London —
Volkswagen, one of the world’s largest automakers, is reportedly planning to cut up to 100,000 jobs over the next few years, representing 15% of its global workforce.
The job cuts will be accompanied by the planned closure of four factories in Germany and a 15% cut in investment over the next five years, German business magazine Manager Magazin said in a report on Friday.
The report added that Volkswagen, Germany’s largest automaker and one of its major employers, plans to spin off its main Volkswagen brand and auto parts business into separate entities.
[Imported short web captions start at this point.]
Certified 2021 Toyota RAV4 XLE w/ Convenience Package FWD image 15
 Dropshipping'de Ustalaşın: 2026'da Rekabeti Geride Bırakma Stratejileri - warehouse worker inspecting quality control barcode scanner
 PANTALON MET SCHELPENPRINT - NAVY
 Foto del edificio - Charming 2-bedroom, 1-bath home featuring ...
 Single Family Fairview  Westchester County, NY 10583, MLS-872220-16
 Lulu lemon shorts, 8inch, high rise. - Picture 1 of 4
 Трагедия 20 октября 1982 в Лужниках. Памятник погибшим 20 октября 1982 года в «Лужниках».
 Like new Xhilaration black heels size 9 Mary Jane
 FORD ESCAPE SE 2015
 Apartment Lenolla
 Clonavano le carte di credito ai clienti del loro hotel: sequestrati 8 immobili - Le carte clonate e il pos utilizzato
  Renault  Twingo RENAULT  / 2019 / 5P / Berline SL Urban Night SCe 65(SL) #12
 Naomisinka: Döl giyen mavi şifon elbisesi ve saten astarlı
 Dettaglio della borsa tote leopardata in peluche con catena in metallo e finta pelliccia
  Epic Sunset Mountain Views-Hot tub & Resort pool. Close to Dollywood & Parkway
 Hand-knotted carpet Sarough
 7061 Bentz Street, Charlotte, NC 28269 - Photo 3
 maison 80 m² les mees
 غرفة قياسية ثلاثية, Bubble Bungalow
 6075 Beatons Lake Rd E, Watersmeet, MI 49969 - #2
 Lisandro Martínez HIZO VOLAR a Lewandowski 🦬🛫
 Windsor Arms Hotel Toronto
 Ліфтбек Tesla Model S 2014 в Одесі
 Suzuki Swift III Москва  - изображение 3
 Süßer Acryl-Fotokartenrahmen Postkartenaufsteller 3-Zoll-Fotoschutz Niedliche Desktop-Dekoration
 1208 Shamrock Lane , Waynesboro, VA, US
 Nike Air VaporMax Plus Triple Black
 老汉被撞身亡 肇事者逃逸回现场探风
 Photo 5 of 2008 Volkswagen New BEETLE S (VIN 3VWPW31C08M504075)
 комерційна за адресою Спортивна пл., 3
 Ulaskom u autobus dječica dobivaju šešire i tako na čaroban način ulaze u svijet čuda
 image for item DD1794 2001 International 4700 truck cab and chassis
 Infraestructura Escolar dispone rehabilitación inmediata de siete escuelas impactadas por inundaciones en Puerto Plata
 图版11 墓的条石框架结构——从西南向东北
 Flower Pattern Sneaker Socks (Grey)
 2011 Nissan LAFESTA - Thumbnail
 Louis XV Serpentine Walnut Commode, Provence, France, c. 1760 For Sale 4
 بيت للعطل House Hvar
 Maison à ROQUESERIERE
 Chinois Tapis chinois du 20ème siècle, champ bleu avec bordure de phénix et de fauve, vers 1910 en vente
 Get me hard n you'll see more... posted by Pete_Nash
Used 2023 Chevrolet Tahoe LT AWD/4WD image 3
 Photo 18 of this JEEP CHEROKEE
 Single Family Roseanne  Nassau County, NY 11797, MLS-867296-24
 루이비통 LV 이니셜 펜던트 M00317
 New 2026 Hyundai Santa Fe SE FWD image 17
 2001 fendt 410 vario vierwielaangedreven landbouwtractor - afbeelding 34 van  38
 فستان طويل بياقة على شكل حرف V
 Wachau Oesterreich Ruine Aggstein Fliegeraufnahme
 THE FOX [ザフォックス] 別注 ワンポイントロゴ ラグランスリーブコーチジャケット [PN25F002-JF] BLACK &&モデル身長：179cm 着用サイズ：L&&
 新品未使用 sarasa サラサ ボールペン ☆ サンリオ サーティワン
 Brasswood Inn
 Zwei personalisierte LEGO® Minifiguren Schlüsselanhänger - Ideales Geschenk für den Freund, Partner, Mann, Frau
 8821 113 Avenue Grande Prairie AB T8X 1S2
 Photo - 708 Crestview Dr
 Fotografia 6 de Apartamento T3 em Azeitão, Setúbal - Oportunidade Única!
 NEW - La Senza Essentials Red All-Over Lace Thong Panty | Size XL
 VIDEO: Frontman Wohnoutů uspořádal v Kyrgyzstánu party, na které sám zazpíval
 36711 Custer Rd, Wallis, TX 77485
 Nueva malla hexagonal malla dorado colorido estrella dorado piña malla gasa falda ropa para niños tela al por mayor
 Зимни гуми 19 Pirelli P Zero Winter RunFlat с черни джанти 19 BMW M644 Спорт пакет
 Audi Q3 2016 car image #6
The company owns several other brands, including Audi and Porsche.
A Volkswagen spokesman declined to comment to CNN about “internal, confidential documents.”
“The main issues will be discussed and approved in the relevant committees,” the representative added. “We will not preempt this process.”
VW employs almost 660,000 people worldwide and has already announced plans to cut 50,000 jobs in Germany by 2030.
The company has one U.S. assembly plant in Chattanooga, Tennessee, employing more than 4,000 people.
Like many European automakers, it faces pressure from new tariffs on exports to the United States and is also struggling to counter the rise of Chinese electric vehicle makers, including BYD.
A Volkswagen spokesman said the company needed “greater focus as well as stricter cost and investment discipline” to meet its new reality, adding that its traditional business model – making cars in Europe and exporting them worldwide – “no longer works” for all its brands.
Any job cuts are likely to be resisted by German unions. “If such plans move forward, we will prevent them with all our might,” the IG Metall union and the Volkswagen General Works Council said in a joint statement on Friday.
Volkswagen shares fell 1.5% in afternoon local time. Its shares have fallen by more than a quarter this year.